Weighted rank aggregation of ordered lists is performed using the brute force approach, i.e. generating all possible ordered lists and finding the list with the minimum value of the objective function

Usage

BruteAggreg(x, k, weights = NULL, distance = c("Spearman", "Kendall"),
            importance=rep(1,nrow(x)), standardizeWeights = TRUE)

Arguments

x

a matrix of ordered lists to be combined (lists must be in rows)

k

size of the top-k list

weights

scores (weights) to be used in the aggregation process

distance

distance which "measures" the similarity between the ordered lists

importance

a vector of weights indicating the importance of each ordered list in x

standardizeWeights

boolean, default is true which standardizes weights to [0,1]

Details

The function performs rank aggregation using the old-fashion brute force approach. This approach works for small problems only and should not be attempted if k is relatively large (k > 10). To generate all possible ordered lists, the permutation function from the gtools package is used. Both weighted and unweighted rank aggregation can be performed.
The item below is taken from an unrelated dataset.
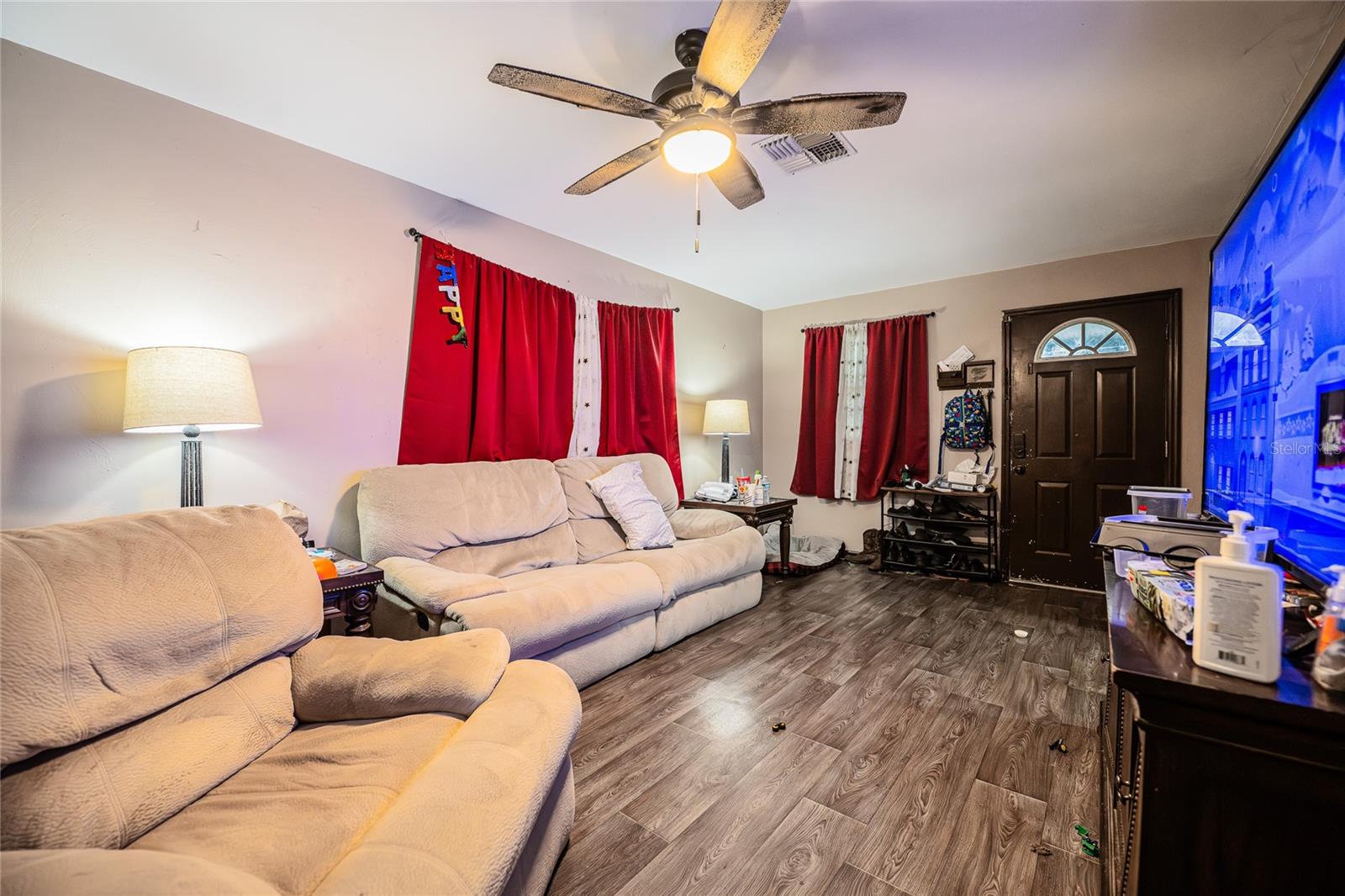 490 W ETHELENE ST, BARTOW, FL — photo 5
Please refer to the documentation for RankAggreg function as the same constraints on x and index.weights apply to both functions.

Value

top.list

Top-k aggregated list

optimal.value

the minimum value of the objective function corresponding to the top-k list

distance

distance used by the algorithm

method

method used: BruteForce

importance

importance vector used

lists

original lists to be combined

weights

scaled weights used in aggregation

sample

objective function values

sample.size

number of all possible solutions

summary

contains minimum and median values of sample

Author(s)

Vasyl Pihur, Somnath Datta, Susmita Datta

References

Pihur, V., Datta, S., and Datta, S. (2007) "Weighted rank aggregation of cluster validation measures: a Monte Carlo cross-entropy approach" Bioinformatics, 23(13):1607-1615

See Also

RankAggreg

Examples

require(gtools)

# rank aggregation without weights
x <- matrix(c("A", "B", "C", "D", "E",
        "B", "D", "A", "E", "C",
        "B", "A", "E", "C", "D",
        "A", "D", "B", "C", "E"), byrow=TRUE, ncol=5)
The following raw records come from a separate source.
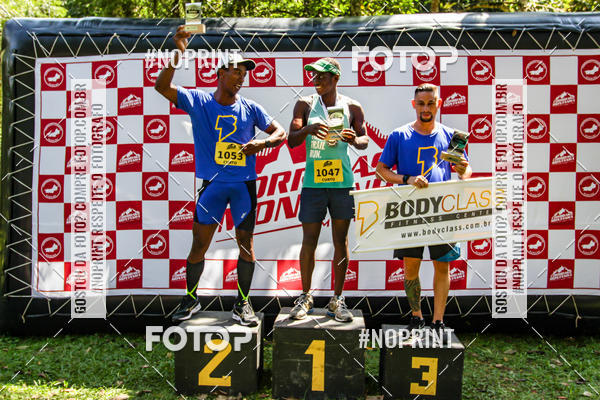 Buy your photos of the eventCORRIDAS DE MONTANHA 1 ETAPA MAROMBA-RJ on Fotop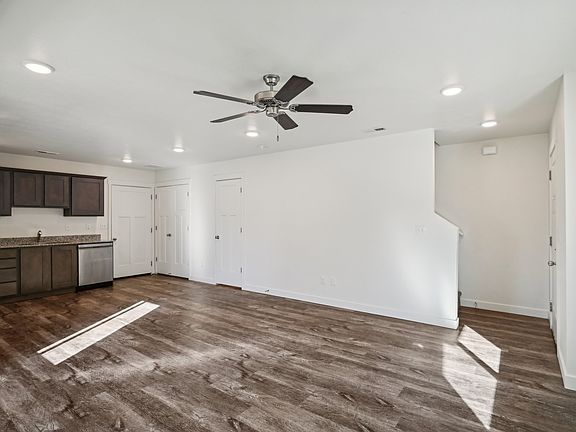 5th image of 4199 E Oconnell Ln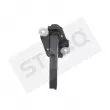 STARQ SQ321-03343 - Débitmètre de masse d'air
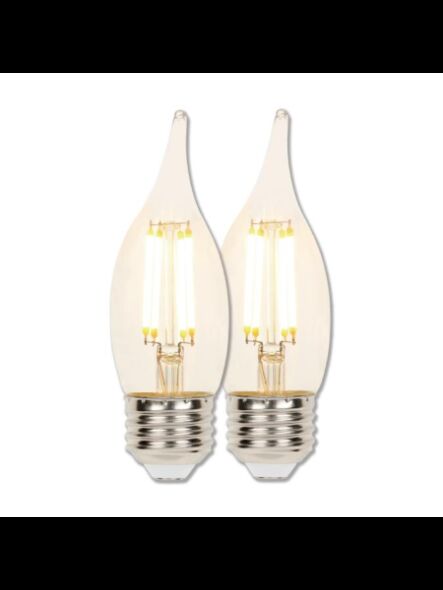 westinghouse_5114000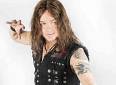 Mark Boals in concerto al Santomato Live in un’unica imperdibile data italiana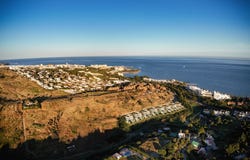 Estepona, Andalusia 29693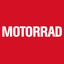 MOTORRAD Magazin icon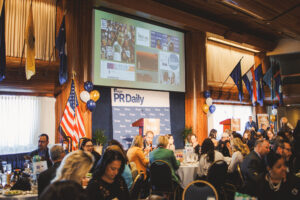 3 examples of content marketing excellence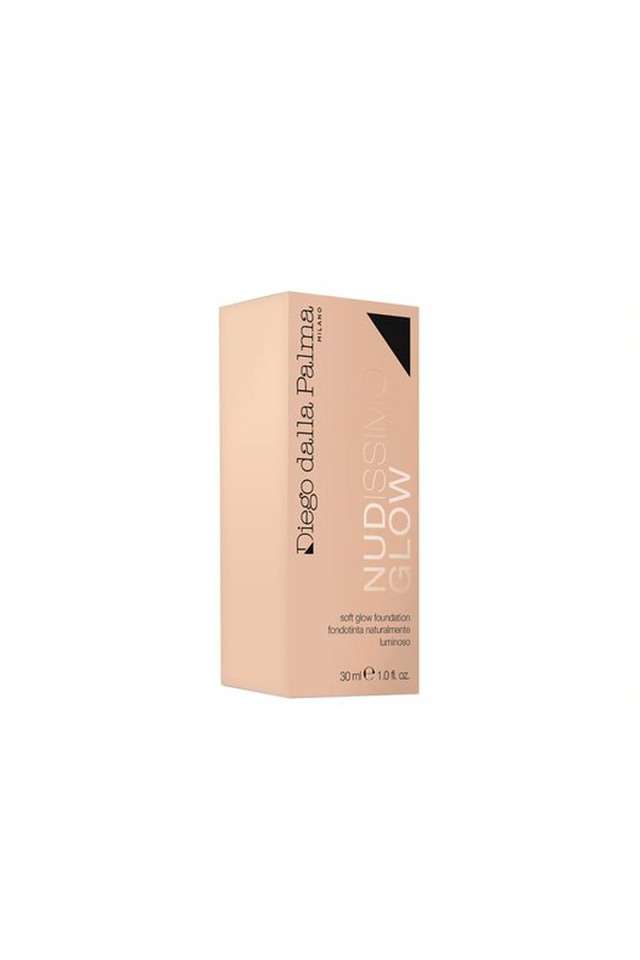 Nudissimo---Soft-Matt-Foundation---Praline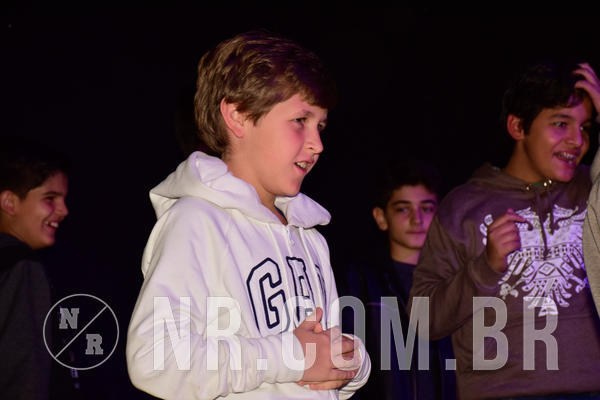 Buy your photos of the eventNR1 - Cl�ssico 27 a 29/07/18 on Fotop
(toplist <- BruteAggreg(x, 5))

# weighted rank aggregation
set.seed(100)
w <- matrix(rnorm(20), ncol=5)
w <- t(apply(w, 1, sort))

(toplist <- BruteAggreg(x,5,w,"Spearman")) # using the Spearman distance
(toplist <- BruteAggreg(x,5,w,"Kendall")) #using the Kendall distance
plot(toplist)

Ordered Gene Lists from 5 microarray studies

Description

This dataset contains five lists of genes, each of size 25, from five independent microarray studies on prostate cancer. The lists are given in Table 4 in the manuscript by DeConde et al. Lists form the rows of the dataset with columns corresponding to the ranks of genes in each individual study.

Usage

data(geneLists)

Format

A matrix of size 5 by 25 containing 5 lists of genes.

Source

R. DeConde, S. Hawley, S. Falcon, N. Clegg, B. Knudsen, and R. Etzioni. Combining results of microarray experiments: a rank aggregation approach. Stat Appl Genet Mol Biol, 5(1):Article15, 2006.

Examples

data(geneLists)
topList <- RankAggreg(geneLists, 5, N=700, seed=100, convIn=3)
plot(topList)

Plot function for raggr object returned by RankAggreg or BruteAggreg

Description

Plots individual ordered lists with the corresponding solution. Optionally, naive average rank aggregation can be added.

Usage

## S3 method for class 'raggr'
plot(x, show.average = TRUE, show.legend = TRUE, colR="red", ...)

Arguments

x

raggr object returned by RankAggreg

show.average

boolean if average aggregation to be plotted

show.legend

boolean if the legend is to be displayed

colR

specifies the color for the resulting list

...

additional plotting parameters

Details

The function plots individual lists and the solution using ranks only (weights are not used at any time). Optional average rank aggregation can be performed and visualized. Average rank aggregation is a simple aggregation procedure which computes the average ranks for each unique element accross and orders them from the smallest to the largest value.

Value

Nothing is returned

Author(s)

Vasyl Pihur, Somnath Datta, Susmita Datta

References

Pihur, V., Datta, S., and Datta, S. (2007) "Weighted rank aggregation of cluster validation measures: a Monte Carlo cross-entropy approach" Bioinformatics, 23(13):1607-1615

See Also

RankAggreg, BruteAggreg

Examples

# rank aggregation without weights
x <- matrix(c("A", "B", "C", "D", "E",
        "B", "D", "A", "E", "C",
        "B", "A", "E", "C", "D",
        "A", "D", "B", "C", "E"), byrow=TRUE, ncol=5)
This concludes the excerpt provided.